Error matrix of a GPT-3 (babbage) model at temperature 1 trained to predict the sum of two numbers

The model is making more mistakes. I think it’s a good mix of correct and incorrect answers for my calculator idea. It’s also outputting more non-numeric tokens, which is more amusing for a calculator.

GPT-4

In 2021, OpenAI launched GPT-4 via an conversational “Chat Completions” API. While more expensive than the GPT-3 and not having a completion API, it excels at zero-shot learning. As it turns out the most natural way for users to provide context is via a conversation. Let’s see if it’s any good at math. I’ll use the system prompt "You are a calculator" and feed it the problem as the user input ({a}+{b}).
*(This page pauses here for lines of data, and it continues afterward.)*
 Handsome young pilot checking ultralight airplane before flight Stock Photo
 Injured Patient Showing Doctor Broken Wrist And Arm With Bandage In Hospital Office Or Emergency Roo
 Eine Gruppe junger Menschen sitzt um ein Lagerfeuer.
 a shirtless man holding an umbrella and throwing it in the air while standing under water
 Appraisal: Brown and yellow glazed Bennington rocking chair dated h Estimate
Error matrix of a GPT-4 (gpt-4-0613) model at temperature 2 trained to predict the sum of two numbers

Even with temperature set to the max of 2, it’s getting most of the answers correct. Although it’s not what I’m looking for, it’s impressive how far we’ve come in a few years. I will stick with GPT-3 for this project for now.